First, I understand “prays and prophesies” here and in verse 5 as referring broadly to spoken ministry. Prayer is spoken to God while prophecy is spoken on behalf of God. Moreover, in 1 Corinthians 14, Paul links prayer with speaking in tongues (1 Cor. 14:14ff cf. 1 Cor. 14:2). Perhaps he includes speaking in tongues here also.
I take Paul’s discussion in 1 Corinthians 11:2-16 as referring to spoken ministry done within the Christian community. That is, men and women were speaking aloud in church gatherings, whether large or small. I mention this because some people have difficulty recognising that women were ministering vocally in Corinthian assemblies.[1]
Paul encouraged spoken ministry, especially prophecy, as long as it was done in an edifying manner. He told all the Christians in Corinth, “the one who prophesies builds up the church” (1 Cor. 14:4). And, “For you can all prophesy one by one, so that everyone may learn and everyone may be encouraged” (1 Cor. 14:31, italics added).
In 1 Corinthians 14:26-40, he silences disorderly speech from three groups of people, but Paul begins and ends this passage by encouraging edifying speech without specifying gender.[2]
Head Coverings or Hair Lengths?
The second point I want to make is that the Greek phrase behind the translation “with something on his head” (kata kephalēs echōn) is ambiguous.

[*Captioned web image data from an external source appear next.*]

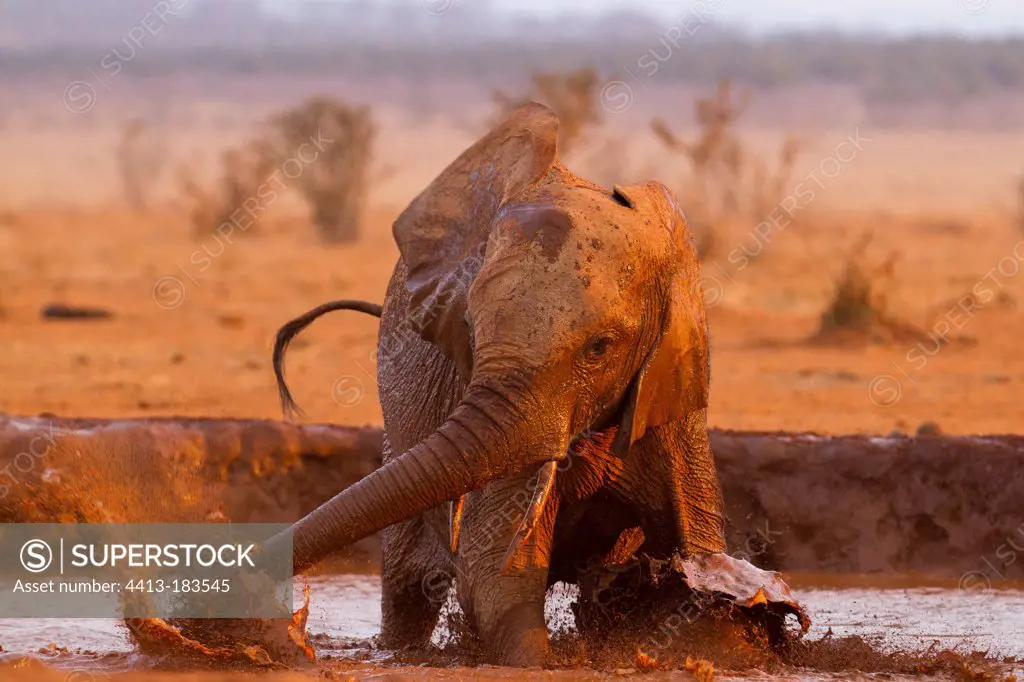 African elephant taking a mud and dust bath Tsavo East Kenya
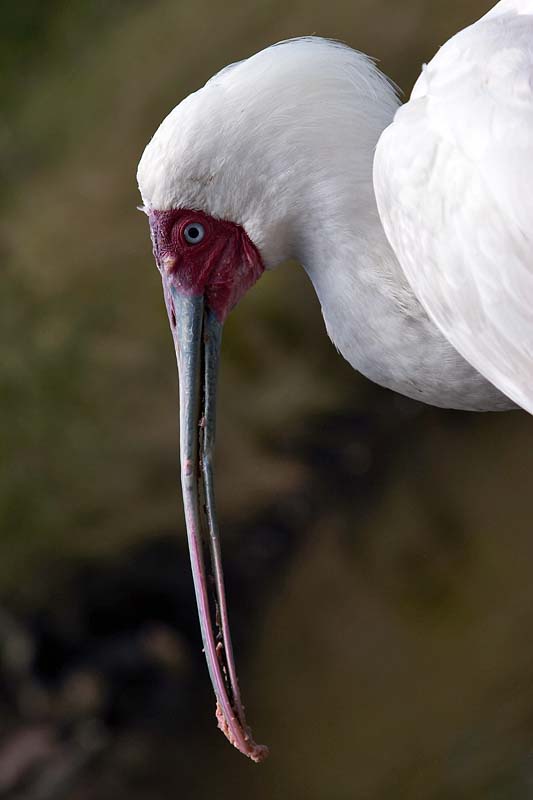 African Spoonbill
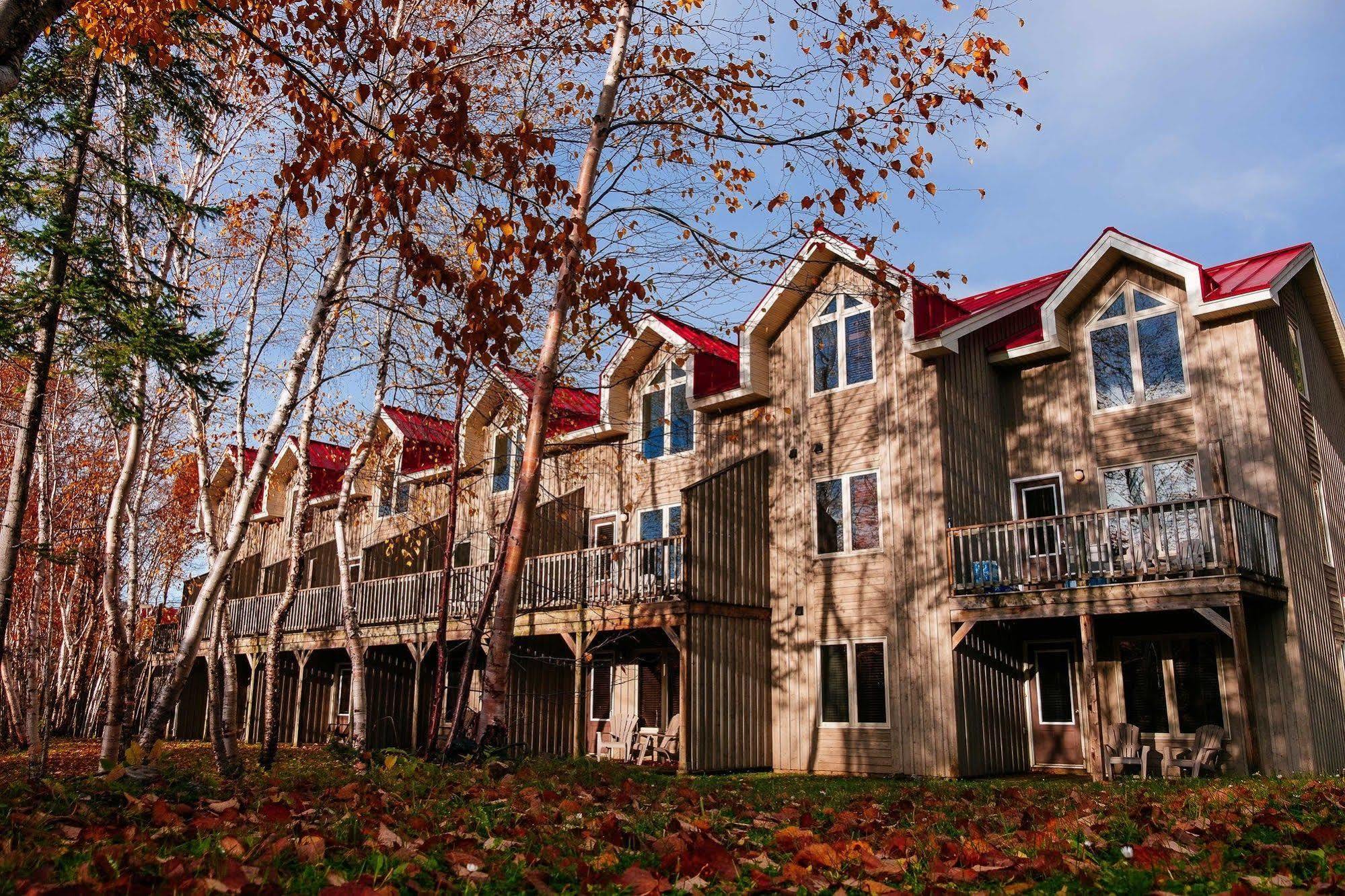Marblewood Village Resort Steady Brook ภายนอก รูปภาพ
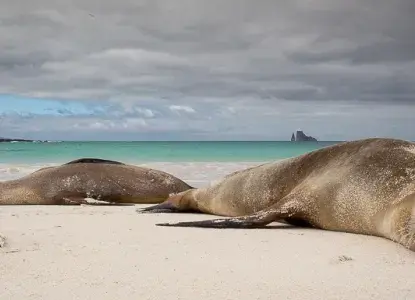 Galapagos%20hero7.jpg Galapagos Islands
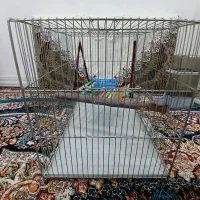 قفس پرنده|لوازم جانبی حیوانات|پاکدشت, پاکدشت (مامازند)|دیوار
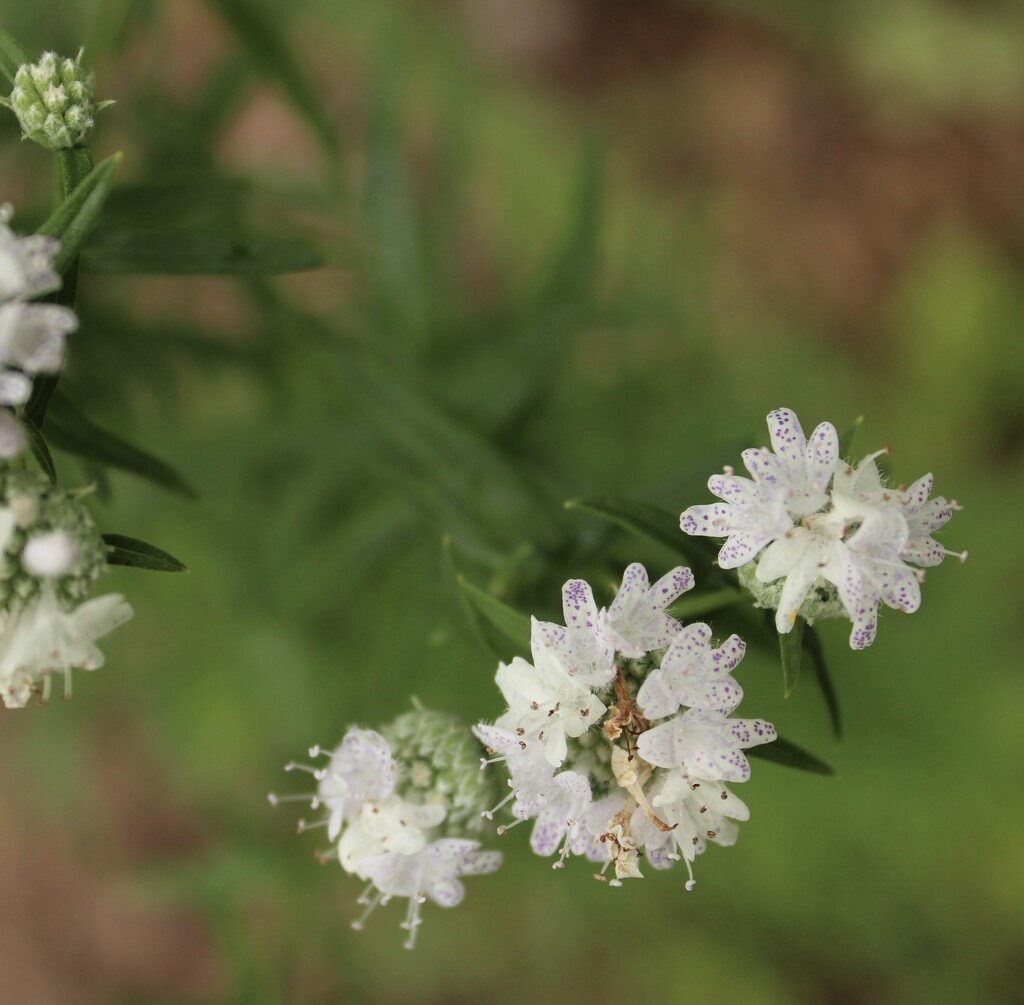 Mountain mint-A very dainty flower by mltrotter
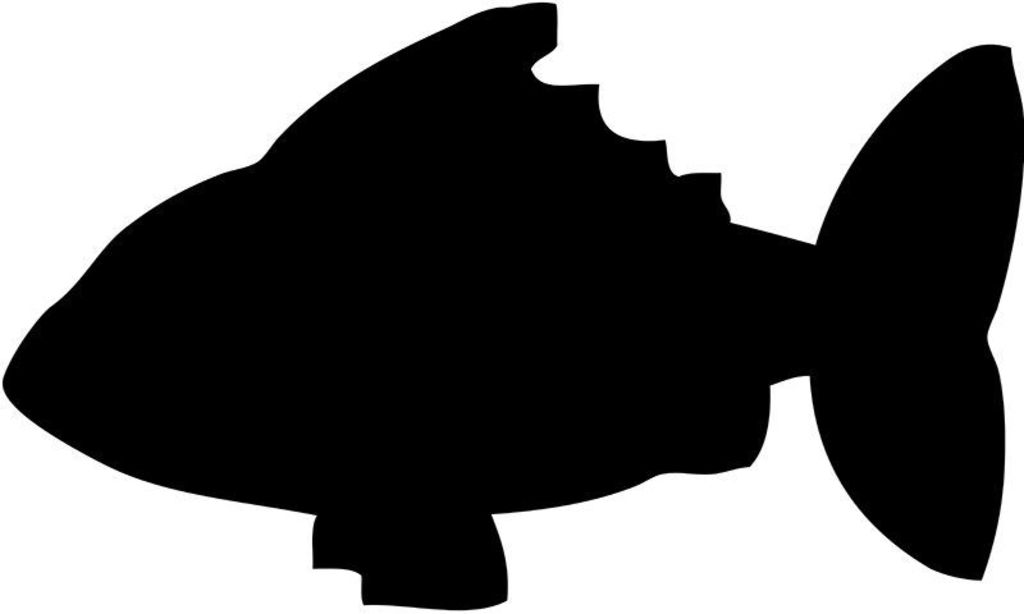 Popisovací tabule Securit Ryba, s popisovačem a lepící páskou, černá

There are a few Greek terms in 1 Corinthians 11:2-16, referring to what was happening with the actual heads of the Corinthian men and women, that are unclear. We cannot be certain if Paul was speaking about head coverings or about hairstyles and hair lengths.

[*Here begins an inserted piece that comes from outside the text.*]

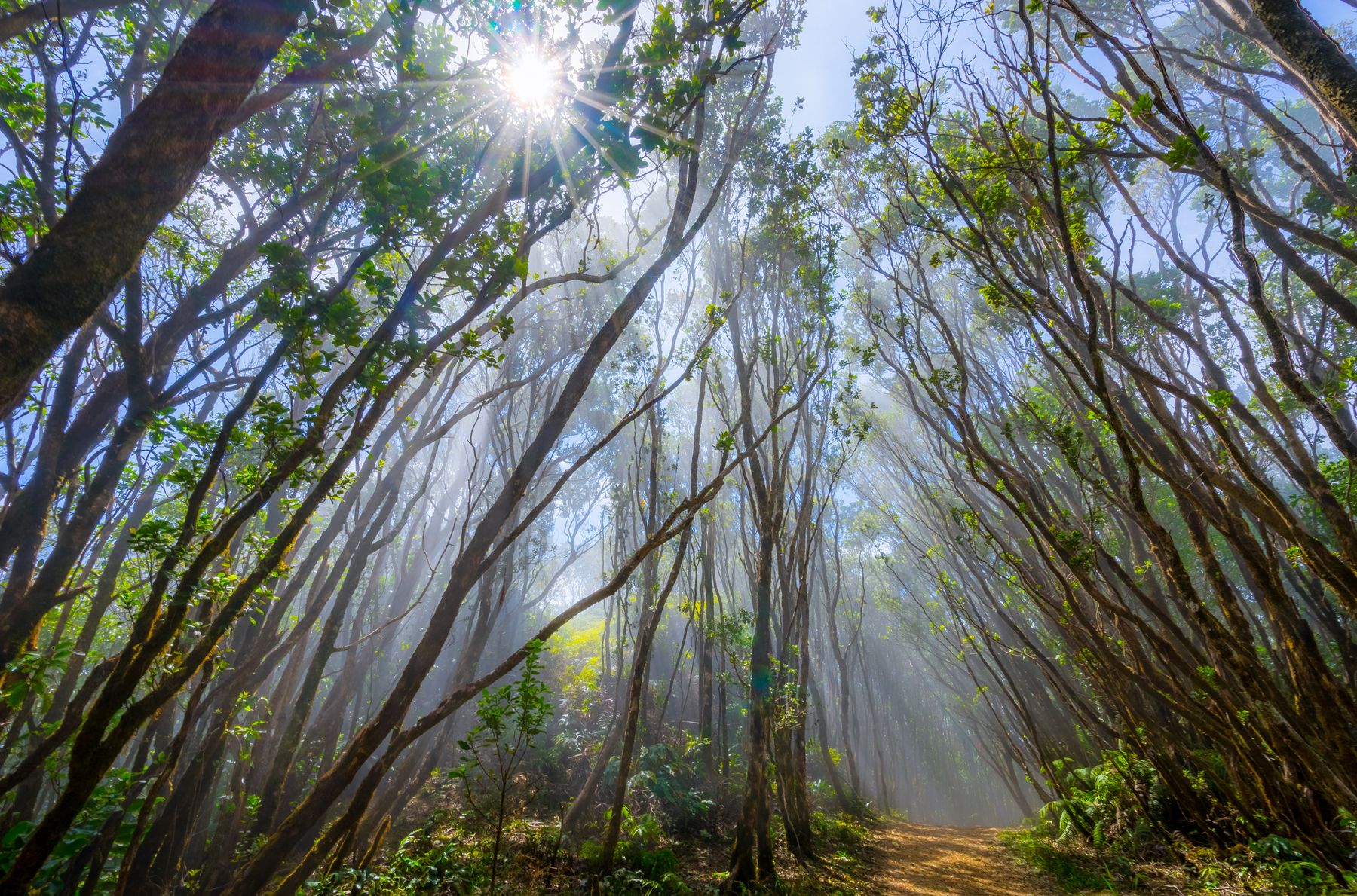 Sunburst and light beams cutting through fog in a dense forest, with a dirt trail curving under leaning trees.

Kata kephalēs also occurs in Esther 6:12 in the Septuagint. This is where Haman returns home after being humiliated. Some suggest the picture here is that Haman’s long hair which may have ordinarily been done up in a Persian hairstyle was hanging loosely.[3] Then again, maybe Haman covered his head with something.[4] Whatever he did with his head, it was a sign of grief or shame.
In some contexts in the ancient world, however, long hair on men was not necessarily a sign of shame. Dio Chrysostom (born c. AD 40), a Greek orator and philosopher and a close contemporary of Paul, spoke about hair lengths in men and admitted that he himself had long hair. His point was that long hair, which was an unusual hairstyle for Roman men, was not a mark of moral superiority.
“For if long hair were accountable for virtue and sobriety, mankind would need no great power nor one difficult of attainment. … However, I fear that fools get no good from their long hair …” (Orations 35. 2-3).
Cynthia Thompson summarises Dio Chrysostom’s point on hair length.
Philosophers, priests, peasants and barbarians are mentioned as exceptions of men’s short hair by Dio Chrysostom who criticizes philosophers for making a connection between their long hair and moral superiority.[5]
Did the praying and prophesying Corinthian men wear long hair as a sign of moral or spiritual superiority?
The church father John Chrysostom, writing in the late 300s, associated long hair with philosophy in his comment on 1 Corinthians 11:4. He wrote that “the men went so far as to wear long hair as having spent their time in philosophy …” (Chrysostom, Homily 26 on 1 Corinthians). Chrysostom believed, however, that the longhaired Corinthian men also covered their heads when they prayed and prophesied, and that Paul disapproved of both long hair and cloth coverings on men.[6] Another early church father, Epiphanius, believed the problem with the Corinthian men was long hair.[7]
My understanding of 1 Corinthians 11:4 is that Paul was telling the Christians in Corinth,
Every man who prays or prophesies with a socially suspect or provocative hairstyle, possibly long hair hanging down, brings shame and dishonour to the Messiah who is the person who has a place of honour above him.[8]
Let’s hold that thought while we look at the next two verses about women. These are the trickiest verses in the passage.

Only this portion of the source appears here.